Desde Razón Pública publican este artículo:
80 años de la Guerra con el Perú: lecciones para la paz
No hay que leer las secciones de periódico que se titulan “Cultura y ocio” para acercarse a la cultura de un país. La cultura que pasa en los teatros, dentro de los libros o bajo la mirada de las estatuas en los museos es una versión o un reflejo de lo que pasa o ha pasado en la calle.
Como lo supo Theodor W. Adorno, la cultura es la naturalización de la violencia, es decir, es aquello que aprueba—a través de un consenso aparentemente incuestionado—un repertorio de prácticas, de sujeciones y de convenciones a expensas de otras.
En tiempos de paz, si queremos conjurar la guerra, es preciso desnaturalizar ciertas violencias que habitan y han hecho nuestra cultura, y esto solo lo podemos lograr a través de un cambio cultural.
Hace ochenta años, como hoy, la nación pensaba su territorio desde el conflicto armado. En particular, lo pensaba desde las dos batallas más importantes de lo que la historiografía posterior ha llamado la Guerra con el Perú (1932-1934): las batallas de Tarapacá y Güepi, en 1933.
Tal como hoy, aquella guerra haría cierto lo que escribió el famoso viajero inglés Richard Francis Burton en el Paraguay devastado por la Guerra de la Triple Alianza (1864-1870): “las guerras les enseñan a las naciones su geografía”. ¿Qué lecciones nos dejó la Guerra con el Perú respecto a nuestra forma de concebir el territorio? ¿De qué forma la guerra “hizo hablar” a ese repertorio silente de prácticas que llamamos cultura colombiana?
En esta nota quiero detenerme en una forma en la que la Guerra con el Perú visibilizó la violencia subyacente a la cultura colombiana. Con ello quiero perturbar la existencia silenciosa de nuestra cultura y visibilizarla para que empecemos a cambiarla.
La Guerra con el Perú fue el último coletazo del trauma nacional por la pérdida de Panamá y también el epílogo del genocidio de la Casa Arana, desatado por el comercio cauchero de comienzos del siglo XX.
El conflicto se originó en las tensiones y desacuerdos derivados de la firma del Tratado Lozano-Salomón de 1922, en el que ambos Gobiernos se comprometían a aprobar en sus respectivos Congresos los límites convenidos sobre el río Amazonas.
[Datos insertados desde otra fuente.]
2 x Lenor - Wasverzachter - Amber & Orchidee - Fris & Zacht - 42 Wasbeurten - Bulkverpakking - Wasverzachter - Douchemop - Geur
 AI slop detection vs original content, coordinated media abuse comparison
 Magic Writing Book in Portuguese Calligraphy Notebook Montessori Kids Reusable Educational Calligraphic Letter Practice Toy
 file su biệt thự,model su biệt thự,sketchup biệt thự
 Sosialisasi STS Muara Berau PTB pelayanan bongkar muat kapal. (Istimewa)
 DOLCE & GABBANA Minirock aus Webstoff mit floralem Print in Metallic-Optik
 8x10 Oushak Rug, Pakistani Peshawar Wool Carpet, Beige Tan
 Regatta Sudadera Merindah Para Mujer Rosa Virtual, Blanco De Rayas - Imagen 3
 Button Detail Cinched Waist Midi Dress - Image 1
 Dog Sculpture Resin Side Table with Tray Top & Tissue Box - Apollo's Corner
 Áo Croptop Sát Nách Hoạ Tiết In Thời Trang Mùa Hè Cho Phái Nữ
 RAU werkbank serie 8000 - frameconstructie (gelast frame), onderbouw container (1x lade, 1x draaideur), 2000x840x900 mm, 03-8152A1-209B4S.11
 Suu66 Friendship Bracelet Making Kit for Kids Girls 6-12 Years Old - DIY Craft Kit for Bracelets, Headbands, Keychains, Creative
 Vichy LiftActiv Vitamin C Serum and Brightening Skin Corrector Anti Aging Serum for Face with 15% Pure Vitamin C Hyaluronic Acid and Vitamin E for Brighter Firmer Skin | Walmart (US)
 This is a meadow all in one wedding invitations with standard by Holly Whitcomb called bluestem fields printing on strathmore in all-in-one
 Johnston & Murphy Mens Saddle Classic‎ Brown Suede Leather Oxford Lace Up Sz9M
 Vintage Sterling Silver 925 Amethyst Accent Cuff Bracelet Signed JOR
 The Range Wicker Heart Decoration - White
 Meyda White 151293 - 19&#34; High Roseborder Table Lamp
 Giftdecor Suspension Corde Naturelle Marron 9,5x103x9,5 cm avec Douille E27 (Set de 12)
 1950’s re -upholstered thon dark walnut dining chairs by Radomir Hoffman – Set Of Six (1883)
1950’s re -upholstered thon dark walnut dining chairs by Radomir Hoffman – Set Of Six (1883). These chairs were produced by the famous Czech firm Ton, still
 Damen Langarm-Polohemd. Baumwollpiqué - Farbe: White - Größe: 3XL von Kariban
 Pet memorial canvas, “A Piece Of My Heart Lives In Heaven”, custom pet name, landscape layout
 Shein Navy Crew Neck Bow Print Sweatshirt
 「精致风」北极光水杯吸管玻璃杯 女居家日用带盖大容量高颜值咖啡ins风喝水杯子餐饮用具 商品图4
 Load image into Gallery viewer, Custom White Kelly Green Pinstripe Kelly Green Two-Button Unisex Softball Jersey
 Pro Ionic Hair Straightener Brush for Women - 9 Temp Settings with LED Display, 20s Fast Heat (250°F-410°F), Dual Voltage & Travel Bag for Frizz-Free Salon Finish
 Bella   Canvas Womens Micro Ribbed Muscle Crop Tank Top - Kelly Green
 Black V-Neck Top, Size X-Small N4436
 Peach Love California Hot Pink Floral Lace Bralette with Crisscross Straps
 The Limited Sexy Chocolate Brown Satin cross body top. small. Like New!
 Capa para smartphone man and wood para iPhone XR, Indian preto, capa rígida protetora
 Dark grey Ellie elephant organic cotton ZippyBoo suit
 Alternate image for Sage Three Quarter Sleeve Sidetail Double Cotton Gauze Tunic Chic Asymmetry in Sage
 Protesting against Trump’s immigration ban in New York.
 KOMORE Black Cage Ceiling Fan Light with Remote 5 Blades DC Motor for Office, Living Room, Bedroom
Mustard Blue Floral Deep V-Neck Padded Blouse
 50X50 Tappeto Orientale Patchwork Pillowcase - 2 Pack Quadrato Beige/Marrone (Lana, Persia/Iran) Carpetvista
Sin embargo, el presidente del Perú, Augusto Leguía, no pudo negociar con los caucheros peruanos arruinados y los regionalistas de Loreto (región amazónica del Perú) la cabal entrega del territorio al Estado colombiano.
Desde finales del XIX y hasta entonces, y por la inveterada desatención del Estado colombiano a sus zonas de frontera, el Putumayo era el feudo del cauchero y genocida peruano Julio César Arana.
Las presiones políticas del ya arruinado Arana y los suyos, el desprestigio del presidente Leguía y el golpe de Estado que sufriría a manos del militar Sánchez Cerro en 1930, precipitarían las tensiones diplomáticas al campo bélico.
El 1 de septiembre de 1932, Enrique A. Vigil, otro cauchero arruinado, con el apoyo de algunos colonos peruanos, atacaría el frágil destacamento colombiano apostado en el entonces caserío riberano de Leticia. Así estallaba un conflicto del que el gran público urbano solo se enteraría confusamente días después a través de los medios de comunicación.
Para Colombia, el conflicto supondría una tregua en los enfrentamientos partidistas, una galvanización del orgullo nacionalista todavía maltrecho por la pérdida de Panamá y, sobre todo, una importante inyección financiera que le permitió al presidente Enrique Olaya Herrera amortiguar las consecuencias de la depresión mundial del año 29.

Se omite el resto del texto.